На помосте перед кухней выстраивались три очереди, примерно соответствовавшие социальному расслоению лагерного пролетариата. Перед окошком с надписью «третий котел» становились лучше всех одетые и лучше всех выглядевшие зэки - стахановцы, дневная производительность которых достигала или превосходила 125% нормы; их завтрак состоял из черпака густой каши и кусочка соленой трески или селедки. Второй котел получали те, кто выполнял норму на 100%, - тоже черпак каши, но без рыбы. В эту очередь первыми обычно становились старики и женщины из бригад, в которых подсчитать выработку в процентах было невозможно, поэтому их прочно прикрепляли ко второму котлу. Самый жуткий вид представляла собой очередь к первому котлу: длинный хвост бедолаг в драных лохмотьях, обвязанных веревочками лаптях и истертых ушанках ждал своего черпака самой жидкой каши. Лица у них были сведены судорогой боли и иссушены, как пергамент; глаза затекли гноем, таращились от голода, бессознательно бегали по сторонам; ладони судорожно сжимали котелки, словно проволочные ручки навсегда примерзли к окостенелым пальцам. Шатаясь от истощения на исхудалых ногах, они нетерпеливо протискивались к окошку, жалобным голосом выпрашивали добавки, заглядывали в котелки зэков, отходивших от окошек второго и третьего котла. Именно здесь чаще всего вспыхивали ссоры, именно здесь голоса чаще всего переходили со смиренного нищенского скулежа на высокий фальцет зависти, гнева и ненависти. Очередь к первому котлу всегда была самой длинной.
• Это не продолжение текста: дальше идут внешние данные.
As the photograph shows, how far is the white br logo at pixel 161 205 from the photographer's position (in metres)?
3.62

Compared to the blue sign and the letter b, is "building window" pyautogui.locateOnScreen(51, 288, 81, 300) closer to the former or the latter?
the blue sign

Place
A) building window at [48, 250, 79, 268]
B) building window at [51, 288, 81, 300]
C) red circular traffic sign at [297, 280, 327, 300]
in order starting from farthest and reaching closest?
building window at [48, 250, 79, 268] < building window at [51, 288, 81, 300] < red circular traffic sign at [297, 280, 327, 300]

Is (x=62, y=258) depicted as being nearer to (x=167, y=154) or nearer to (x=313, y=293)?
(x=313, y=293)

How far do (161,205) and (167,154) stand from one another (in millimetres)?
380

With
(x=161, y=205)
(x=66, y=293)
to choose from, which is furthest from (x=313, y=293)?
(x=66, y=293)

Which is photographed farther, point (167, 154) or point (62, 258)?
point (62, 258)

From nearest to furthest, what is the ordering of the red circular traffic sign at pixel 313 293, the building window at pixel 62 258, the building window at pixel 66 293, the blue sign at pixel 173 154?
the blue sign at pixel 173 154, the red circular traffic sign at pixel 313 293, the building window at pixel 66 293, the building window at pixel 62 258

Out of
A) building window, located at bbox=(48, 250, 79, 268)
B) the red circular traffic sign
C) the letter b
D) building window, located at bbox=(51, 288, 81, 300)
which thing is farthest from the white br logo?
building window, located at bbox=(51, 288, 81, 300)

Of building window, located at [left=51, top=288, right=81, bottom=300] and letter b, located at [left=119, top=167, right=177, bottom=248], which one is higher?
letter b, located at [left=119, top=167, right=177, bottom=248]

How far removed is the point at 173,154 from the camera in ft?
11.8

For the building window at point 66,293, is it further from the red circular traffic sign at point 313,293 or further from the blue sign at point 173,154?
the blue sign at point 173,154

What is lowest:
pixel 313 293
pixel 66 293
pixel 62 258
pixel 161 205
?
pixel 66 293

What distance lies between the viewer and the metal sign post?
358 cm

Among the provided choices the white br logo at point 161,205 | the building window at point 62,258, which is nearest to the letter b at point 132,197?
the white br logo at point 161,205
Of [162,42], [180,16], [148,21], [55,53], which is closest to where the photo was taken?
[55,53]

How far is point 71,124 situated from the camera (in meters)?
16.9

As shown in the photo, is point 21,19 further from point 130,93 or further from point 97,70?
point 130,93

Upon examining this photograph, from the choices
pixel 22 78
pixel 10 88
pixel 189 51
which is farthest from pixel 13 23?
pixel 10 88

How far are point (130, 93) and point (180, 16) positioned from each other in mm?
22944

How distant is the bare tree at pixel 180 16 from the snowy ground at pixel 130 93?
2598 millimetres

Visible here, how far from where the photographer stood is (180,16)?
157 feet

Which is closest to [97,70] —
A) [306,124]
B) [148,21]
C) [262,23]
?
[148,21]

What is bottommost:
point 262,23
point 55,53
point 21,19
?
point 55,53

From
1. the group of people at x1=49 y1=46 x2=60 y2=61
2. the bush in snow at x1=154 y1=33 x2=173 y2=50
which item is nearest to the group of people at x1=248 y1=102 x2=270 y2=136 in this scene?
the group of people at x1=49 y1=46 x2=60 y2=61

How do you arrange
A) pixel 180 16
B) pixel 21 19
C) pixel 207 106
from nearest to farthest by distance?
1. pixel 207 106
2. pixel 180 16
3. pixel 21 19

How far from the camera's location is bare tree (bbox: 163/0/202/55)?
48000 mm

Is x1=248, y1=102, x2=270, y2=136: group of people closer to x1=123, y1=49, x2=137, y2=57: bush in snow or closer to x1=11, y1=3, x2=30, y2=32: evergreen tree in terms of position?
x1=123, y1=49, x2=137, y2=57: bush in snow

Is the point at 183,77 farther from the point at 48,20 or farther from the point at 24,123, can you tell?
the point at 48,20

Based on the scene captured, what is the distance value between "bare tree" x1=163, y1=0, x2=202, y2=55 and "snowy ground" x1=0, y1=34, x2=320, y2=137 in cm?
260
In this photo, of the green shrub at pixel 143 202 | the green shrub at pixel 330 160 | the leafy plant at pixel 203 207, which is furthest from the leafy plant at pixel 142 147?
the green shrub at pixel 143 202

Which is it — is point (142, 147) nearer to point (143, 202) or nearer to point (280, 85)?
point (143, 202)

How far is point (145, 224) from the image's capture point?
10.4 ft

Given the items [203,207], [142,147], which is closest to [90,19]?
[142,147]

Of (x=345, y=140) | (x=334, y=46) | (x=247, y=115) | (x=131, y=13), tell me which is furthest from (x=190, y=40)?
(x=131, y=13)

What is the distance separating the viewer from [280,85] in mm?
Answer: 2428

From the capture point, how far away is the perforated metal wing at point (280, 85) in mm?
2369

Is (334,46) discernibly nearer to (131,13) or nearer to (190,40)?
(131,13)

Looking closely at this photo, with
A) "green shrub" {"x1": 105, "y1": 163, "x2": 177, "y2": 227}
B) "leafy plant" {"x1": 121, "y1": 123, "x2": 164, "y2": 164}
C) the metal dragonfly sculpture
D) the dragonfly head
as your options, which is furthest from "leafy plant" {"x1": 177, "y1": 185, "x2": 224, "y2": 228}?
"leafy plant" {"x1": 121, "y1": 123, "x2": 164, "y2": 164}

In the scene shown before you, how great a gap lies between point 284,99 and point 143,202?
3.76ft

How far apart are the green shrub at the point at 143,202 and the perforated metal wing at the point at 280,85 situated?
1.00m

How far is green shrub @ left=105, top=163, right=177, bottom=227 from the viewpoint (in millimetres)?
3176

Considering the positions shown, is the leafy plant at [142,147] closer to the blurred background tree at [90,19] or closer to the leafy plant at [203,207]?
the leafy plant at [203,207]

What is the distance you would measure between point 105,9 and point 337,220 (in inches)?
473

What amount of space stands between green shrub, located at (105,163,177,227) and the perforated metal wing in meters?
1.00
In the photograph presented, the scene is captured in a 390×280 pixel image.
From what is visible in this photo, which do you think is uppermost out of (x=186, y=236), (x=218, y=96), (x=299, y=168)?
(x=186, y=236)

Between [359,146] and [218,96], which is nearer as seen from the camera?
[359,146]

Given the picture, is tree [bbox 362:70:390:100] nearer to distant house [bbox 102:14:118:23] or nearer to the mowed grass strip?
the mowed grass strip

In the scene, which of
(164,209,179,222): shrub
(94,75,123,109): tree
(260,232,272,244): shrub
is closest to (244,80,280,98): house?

Кроме наиболее многочисленной группы тех, кто при всем старании был неспособен выработать сто процентов нормы, к ней принадлежали и зэки, умышленно щадившие себя на работе в убеждении, что лучше мало работать и мало есть, чем много работать, а есть ненамного больше, жильцы «мертвецкой», освобожденные от работы, дневальные со всех бараков и некоторые заключенные из лагерной обслуги и администрации.